Motorists queue to buy petrol at a fuel station in Ahaoda in Nigeria's oil state in the Delta region, December 6, 2012. REUTERS/Akintunde Akinleye/File Photo(reuters_tickers)
By Camillus Eboh
ABUJA (Reuters) - A Nigerian labour union representing millions of workers said on Tuesday that it would stage an indefinite general strike to protest government plans to increase petrol prices by up to 67 percent, despite a court ruling against the action.
The Nigeria Labour Congress (NLC) and another union announced last week that they would strike from Wednesday unless the government reversed its decision to scrap a costly fuel subsidy scheme and raise gasoline prices.

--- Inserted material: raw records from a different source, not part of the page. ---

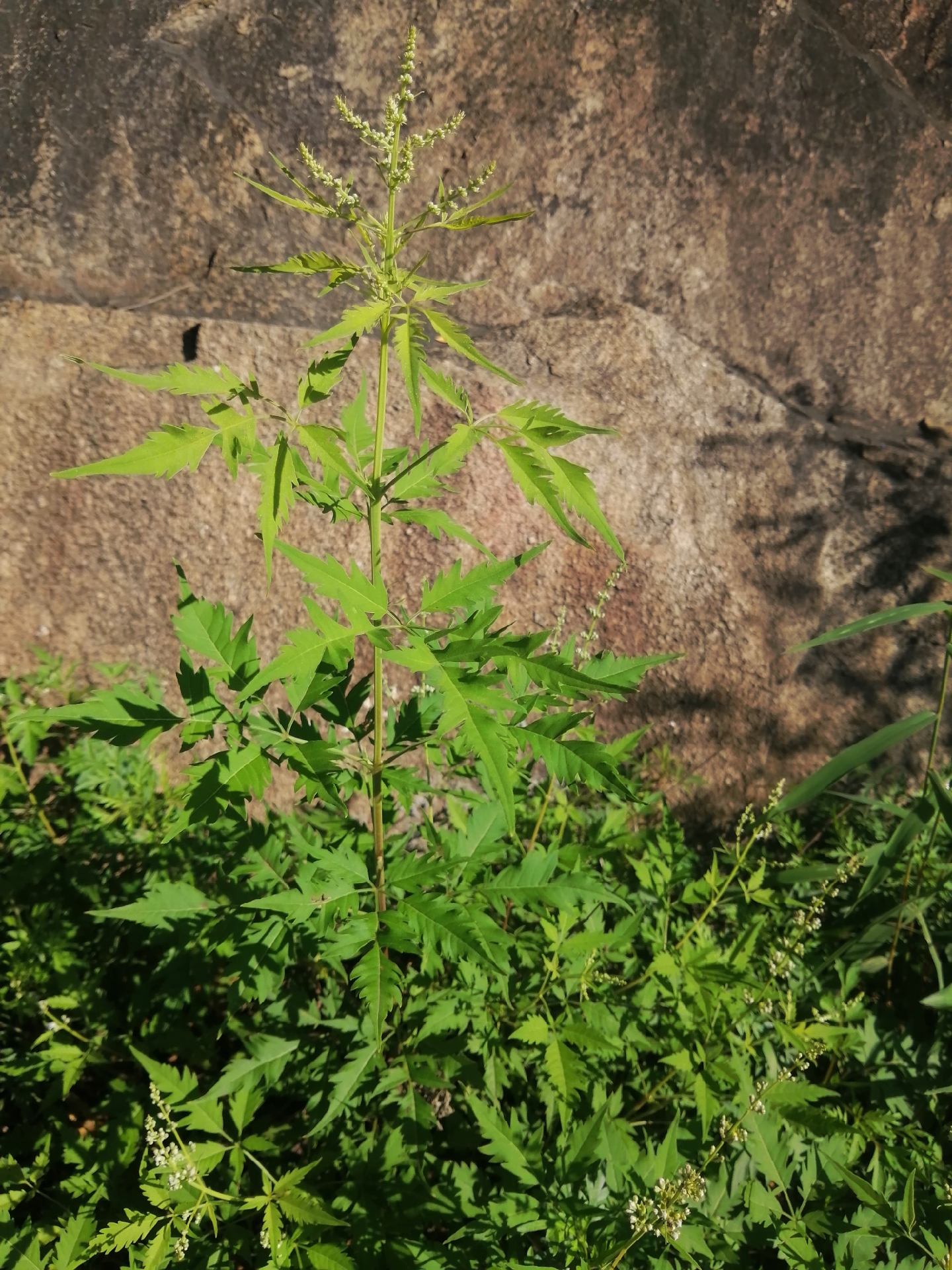 野生红荆条树图片图片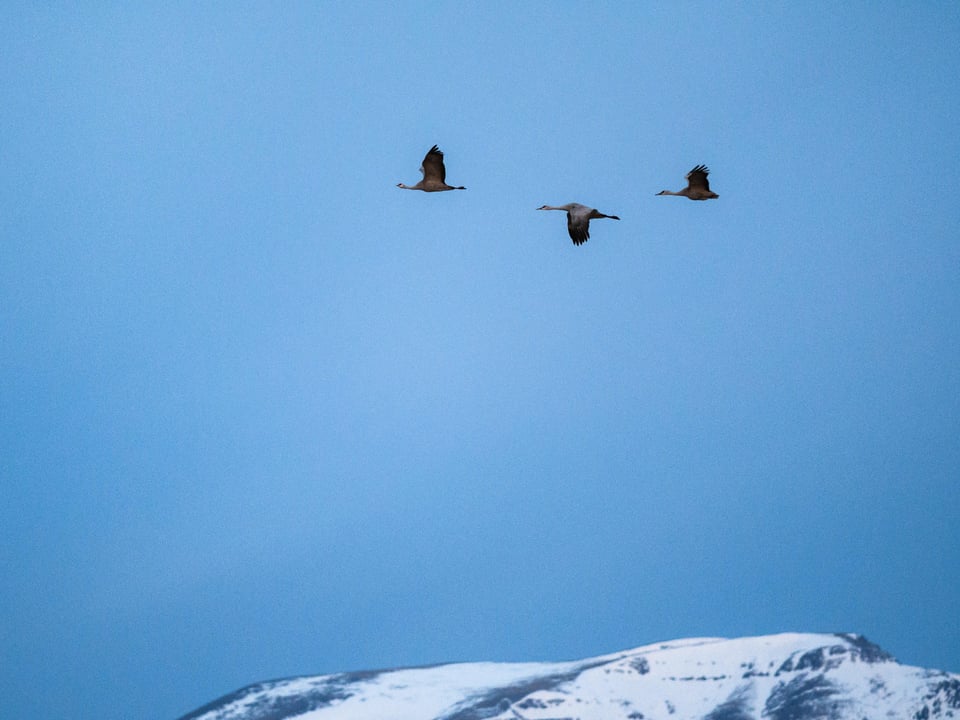 Sandhill Cranes Nikon D7500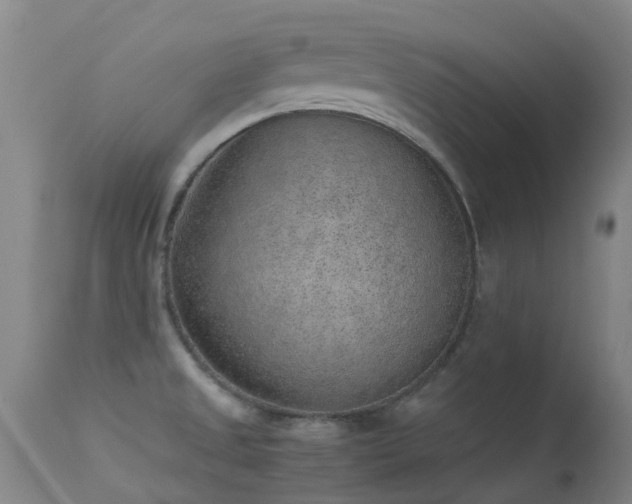 X0000113261525200909171637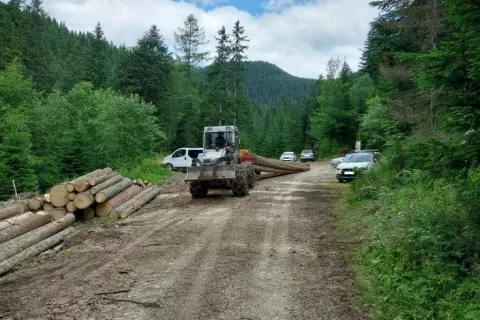 Vozniki motornih vozil lahko z nepravilnim parkiranjem ovirajo izvedbo gozdnih del. Primer je s Pokljuke 11. julija letos. / Foto: Zavod Za Gozdove Slovenije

Ministers hope the move will help tackle the worst economic crisis in decades in Africa's biggest oil producer, brought on by the fall in crude prices, and fund fuel imports needed because Nigeria's refineries have been neglected for years.
The NLC said it would stage a strike starting at midnight (2300 GMT, Tuesday), despite a ruling by the Nigerian Industrial Court just hours earlier that the strike action should not go ahead because of the risk of civil disorder.
"The government was not ready to accede to our demands, so we walked out of the meeting," Chris Uyot, deputy general secretary of the Nigerian Labour Congress (NLC), told Reuters.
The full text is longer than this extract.